For i in [0, 9]: r<3*i+0> = x<i>, r<3*i+1> = y<i>, r<3*i+2> = z<i>.
*/
uint32_t encode_morton3d_10_bits (uint32_t x, uint32_t y, uint32_t z)
{
return (deposit_every_third_shifted (x, 0) +
deposit_every_third_shifted (y, 1) +
deposit_every_third_shifted (z, 2));
}
With CUDA 12.8.1, when compiled for sm_89, the following SASS results:
encode_morton3d_10_bits(unsigned int, unsigned int, unsigned int):
LOP3.LUT R0, R4, 0x333, RZ, 0xc0, !PT
LOP3.LUT R7, R5.reuse, 0x333, RZ, 0xc0, !PT
LOP3.LUT R9, R6, 0x333, RZ, 0xc0, !PT
IMAD R3, R0, 0x50005, RZ
LOP3.LUT R4, R4, 0xcc, RZ, 0xc0, !PT
IMAD R0, R0, 0x500, RZ
LOP3.LUT R5, R5, 0xcc, RZ, 0xc0, !PT
IMAD R8, R7, 0xa00, RZ
LOP3.LUT R6, R6, 0xcc, RZ, 0xc0, !PT
IMAD R10, R9, 0x1400, RZ
LOP3.LUT R0, R3, 0x9009009, R0, 0xc8, !PT
IMAD R3, R7, 0xa000a, RZ
IMAD R7, R9, 0x140014, RZ
IMAD R5, R5, 0xa0a0, RZ
LOP3.LUT R8, R3, 0x12012012, R8, 0xc8, !PT
IMAD R3, R4, 0x5050, RZ
LOP3.LUT R7, R7, 0x24024024, R10, 0xc8, !PT
IMAD R6, R6, 0x14140, RZ
LOP3.LUT R4, R0, 0x240240, R3, 0xf8, !PT
LOP3.LUT R3, R8, 0x480480, R5, 0xf8, !PT
LOP3.LUT R0, R7, 0x900900, R6, 0xf8, !PT
LOP3.LUT R4, R0, R3, R4, 0xfe, !PT
RET.ABS.NODEC R20 0x0
If we can make do with a 60-bit 3D Morton code, where each individual input is restricted to values less than 220, we can compute it in 50 instructions (for sm_70 <= CC <= sm_89) using the following:
/* For x, y, z in [0, 2**20-1], compute 60-bit 3D Morton code by interleaving
bits. For i in [0, 19]: r<3*i+0> = x<i>, r<3*i+1> = y<i>, r<3*i+2> = z<i>.
*/
uint64_t encode_morton3d_20_bits (uint32_t x, uint32_t y, uint32_t z)
{
uint32_t lo = encode_morton3d_10_bits (x & 0x3ff, y & 0x3ff, z & 0x3ff);
uint32_t hi = encode_morton3d_10_bits (x >> 10, y >> 10, z >> 10);
return ((uint64_t)hi << 30) | lo;
}
The most efficient way to compute a full 63-bit 3D Morton code is to just handle bit 20 of the inputs separately. The resulting SASS comprises 58 instructions for CC >= sm_70.
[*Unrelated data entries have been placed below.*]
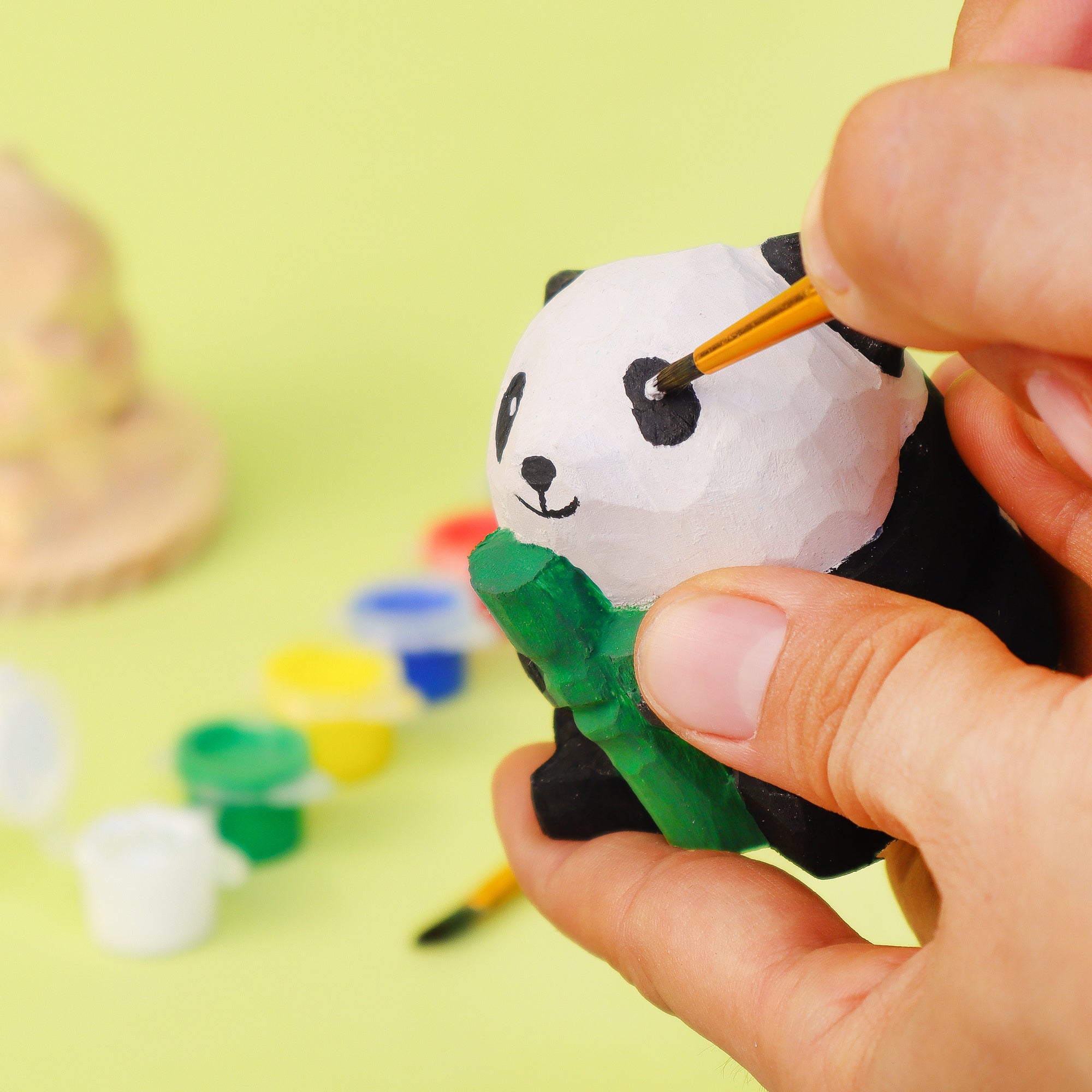 Wooden Panda Paint Kit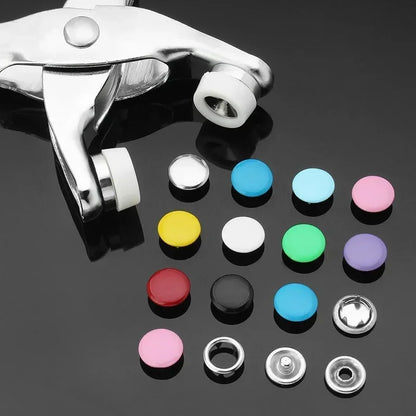 Metal Snap Buttons with Fastener Pliers Kit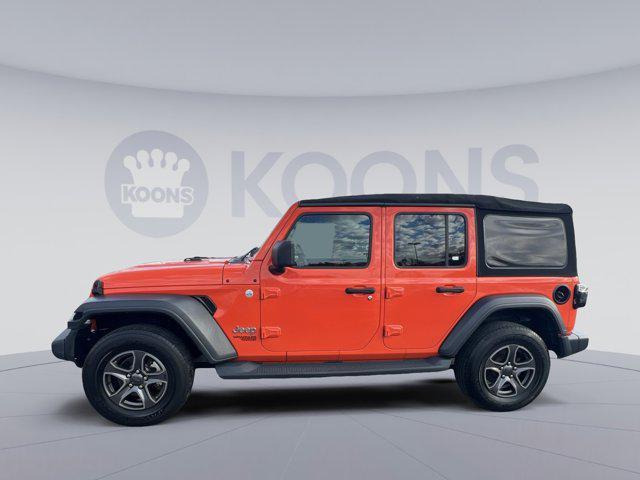used 2018 Jeep Wrangler Unlimited car, priced at $17,500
/* For x, y, z in [0, 2**21-1], compute 63-bit 3D Morton code by interleaving
bits. For i in [0, 20]: r<3*i+0> = x<i>, r<3*i+1> = y<i>, r<3*i+2> = z<i>.
*/
uint64_t encode_morton3d_21_bits (uint32_t x, uint32_t y, uint32_t z)
{
uint64_t r;
uint32_t hi, lo;
lo = encode_morton3d_10_bits (x & 0x3ff, y & 0x3ff, z & 0x3ff);
hi = encode_morton3d_10_bits (x >> 10, y >> 10, z >> 10);
r = ((uint64_t)hi << 30) | lo;
r |= (uint64_t)(((x >> 20) & 1) | ((y >> 19) & 2) | ((z >> 18) & 4)) << 60;
return r;
}
Hi Norbert,
using Tensor cores for it (and be faster) really seems not to promising after some thought.
But how about look-up tables?
We can create 32 copies of LUTs to prevent banking conflicts.
The best addressible part of the input numbers would be 8 bits so we can directly access them without masks.
We can have tables to spread the 8 bits into zero-padded 32 bits, perhaps 3 tables for an additional shift by 1 or 2 positions.
32 copies for lanes * 3 shifts * 256 input number * 4 byte = 96 KiB. Would work with new architectures. Otherwise without shift: 32 KiB.
We save the logic operations and multiplications, but have indexing operations. We can convert 8 bit at once and then use a 3-way-add.
Probably shared memory bandwidth could be the limiting factor at the end.
For combining 3*16 bits into 48 bits, we need 6 accesses or probably cycles shared between the 4 SM partitions.
I would guess it is faster (even for 3*24 bits) than 50 cycles.
[Perhaps for longer numbers 10-bit indices, but no stored shifts => 128 KiB LUT size. Too large except for datacenter since 8.0.]
In my experience, LUTs are rarely the right answer on GPUs, where FLOPS and IOPS are “too cheap to meter”. But I have been proven wrong on that basic guidance at least once that I recall (some compression scheme prescribed by a video standard or some such), so by all means give it a try.